Autodesk’s AEC division has just launched an experimental BIM collaboration environment, Project Bluestreak, aimed at “accelerating building information modeling through the open exchange of design information and ideas between desktop applications, web-based services, and people” (reports Autodesk blogger Scott Sheppard). It is also deploying Web 2.0 tools to help speed up the development of the application.
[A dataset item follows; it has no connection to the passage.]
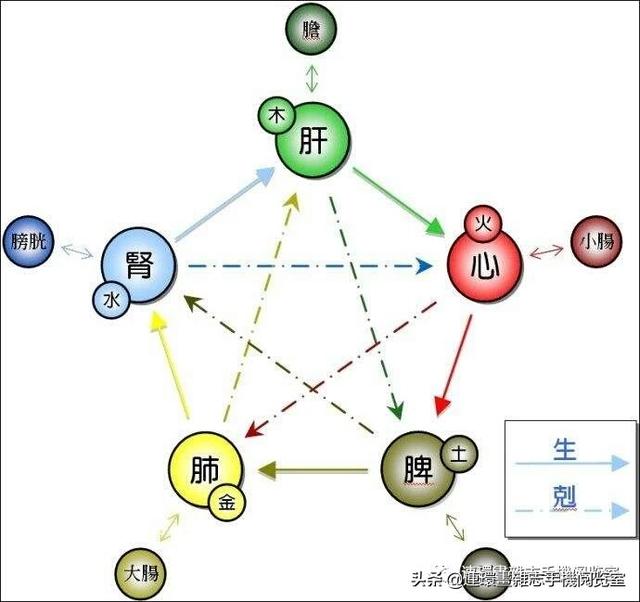 砂石金命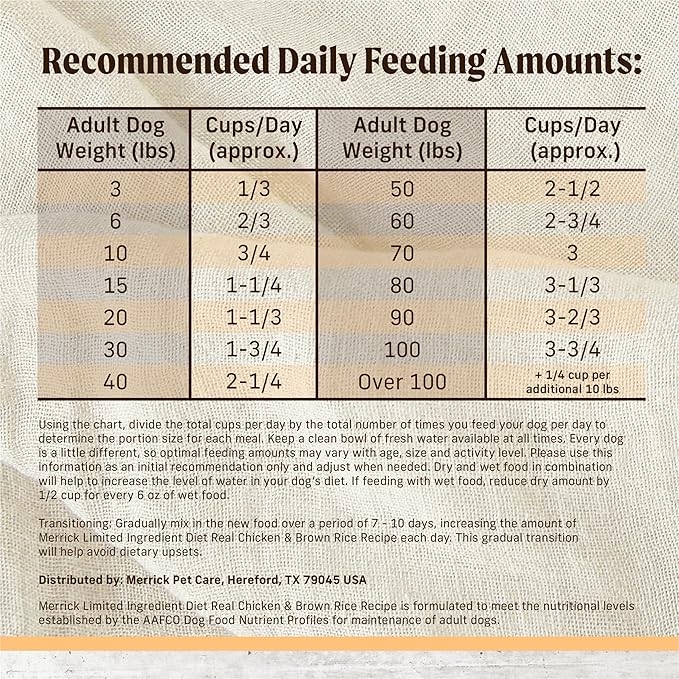 Merrick Limited Ingredient Diet Premium And Natural Kibble With Healthy Grains Chicken And Brown Rice Dog Food - 4.0 lb. Bag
Login to the site is separate to Autodesk’s Buzzsaw and Constructware offerings, and apparently allows users to create their own profiles, to organise private groups, share project files and activity streams, and make notifications and comments, all via a browser-based interface. And by making the prototype available online, Autodesk is hoping that user feedback will help improve the application still further – the team is using GetSatisfaction as a user feedback system – there is also a Bluestreak Twitter feed, a Facebook fanpage, and a YouTube video about the project – aiming to fast-track the development of the service. I’m not sure if these social networking tools will be incorporated into Bluestreak itself, or if they will remain part of the community space around the product (perhaps an opportunity missed if they aren’t?).
(By the way, Scott finishes his blog post with a cheery: “Social networking in the AEC world is alive in the lab“. Given the scepticism about social media I sometimes encounter in AEC businesses, I expect some will be happy if social networking remains in the lab!)
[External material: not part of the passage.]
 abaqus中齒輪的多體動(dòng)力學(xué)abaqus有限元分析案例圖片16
Update (24 November 2009) – Some CAD blogger reactions have been less than positive. This review, Project Bluestreak. Dead on Arrival?, by Piotr Zurek, suggests:
- it lacks any industry specific vision and functionality
- it tries too hard to be “social”
- Autodesk didn’t make a big commitment to this project
“…if Autodesk wants this project to succeed they need to commit some serious resources to it. Possibly even go back to the drawing board and work out a clear vision of how to integrate all the latest collaboration technologies with their other product. Make the project future proof by embracing new, emerging technologies (like the Wave Federation Protocol) instead of following in footsteps of social projects that have been around for a few years. Finally, Autodesk – be a bit smarter about it. Talk to Novell, talk to Google …. Use their experience, buy their expertise if necessary. Spice it up with what you have learned from Buzzsaw and Vault products and you’ll get something useful to every engineer, architect or draftsperson using BIM/CAx software every day.”